===== Supplied entries =====

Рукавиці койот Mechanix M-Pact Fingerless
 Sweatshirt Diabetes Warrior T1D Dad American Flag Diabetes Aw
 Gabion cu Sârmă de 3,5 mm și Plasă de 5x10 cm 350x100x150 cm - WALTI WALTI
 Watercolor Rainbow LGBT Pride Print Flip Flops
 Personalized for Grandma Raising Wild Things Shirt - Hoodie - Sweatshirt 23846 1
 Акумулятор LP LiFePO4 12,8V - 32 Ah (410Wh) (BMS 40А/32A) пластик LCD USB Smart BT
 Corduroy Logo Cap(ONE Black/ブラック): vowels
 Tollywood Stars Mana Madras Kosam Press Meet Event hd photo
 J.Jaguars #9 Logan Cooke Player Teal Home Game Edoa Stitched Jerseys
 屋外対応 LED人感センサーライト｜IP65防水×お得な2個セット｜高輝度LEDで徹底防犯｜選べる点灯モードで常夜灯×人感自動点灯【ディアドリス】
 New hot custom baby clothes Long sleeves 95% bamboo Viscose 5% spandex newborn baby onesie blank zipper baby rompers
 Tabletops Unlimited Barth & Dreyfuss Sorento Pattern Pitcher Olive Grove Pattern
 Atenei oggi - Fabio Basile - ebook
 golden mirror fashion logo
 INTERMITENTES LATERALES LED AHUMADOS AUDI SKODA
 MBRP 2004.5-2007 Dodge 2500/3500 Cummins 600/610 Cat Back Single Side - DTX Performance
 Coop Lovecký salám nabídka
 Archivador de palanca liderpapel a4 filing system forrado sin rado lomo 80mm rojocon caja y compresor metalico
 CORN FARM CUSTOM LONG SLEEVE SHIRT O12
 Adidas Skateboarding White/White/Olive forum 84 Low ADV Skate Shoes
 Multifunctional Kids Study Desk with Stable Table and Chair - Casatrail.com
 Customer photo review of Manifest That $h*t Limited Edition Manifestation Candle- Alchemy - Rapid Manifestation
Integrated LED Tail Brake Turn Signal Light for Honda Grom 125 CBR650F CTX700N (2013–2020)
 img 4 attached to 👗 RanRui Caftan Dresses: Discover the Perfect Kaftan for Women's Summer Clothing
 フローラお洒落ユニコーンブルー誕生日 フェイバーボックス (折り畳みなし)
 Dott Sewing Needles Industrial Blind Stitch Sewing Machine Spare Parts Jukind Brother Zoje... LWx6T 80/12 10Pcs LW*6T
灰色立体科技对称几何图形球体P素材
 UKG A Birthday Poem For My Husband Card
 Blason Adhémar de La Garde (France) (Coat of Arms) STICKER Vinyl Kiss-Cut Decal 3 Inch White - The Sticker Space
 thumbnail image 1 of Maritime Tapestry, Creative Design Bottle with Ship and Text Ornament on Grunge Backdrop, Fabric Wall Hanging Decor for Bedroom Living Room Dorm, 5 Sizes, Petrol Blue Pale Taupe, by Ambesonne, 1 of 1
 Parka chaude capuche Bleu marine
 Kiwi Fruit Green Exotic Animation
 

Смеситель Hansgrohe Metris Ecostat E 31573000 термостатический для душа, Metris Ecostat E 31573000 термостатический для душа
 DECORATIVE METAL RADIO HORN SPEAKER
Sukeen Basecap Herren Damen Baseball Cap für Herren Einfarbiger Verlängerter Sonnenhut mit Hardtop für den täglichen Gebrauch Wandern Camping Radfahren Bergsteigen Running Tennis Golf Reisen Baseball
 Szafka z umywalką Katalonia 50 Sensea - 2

=====

**Task:** The lines from the one with "DECORATIVE METAL RADIO HORN SPEAKER" through the final line of the data are to be reproduced exactly, both included, with no other lines.

**Task result:**
 DECORATIVE METAL RADIO HORN SPEAKER
Sukeen Basecap Herren Damen Baseball Cap für Herren Einfarbiger Verlängerter Sonnenhut mit Hardtop für den täglichen Gebrauch Wandern Camping Radfahren Bergsteigen Running Tennis Golf Reisen Baseball
 Szafka z umywalką Katalonia 50 Sensea - 2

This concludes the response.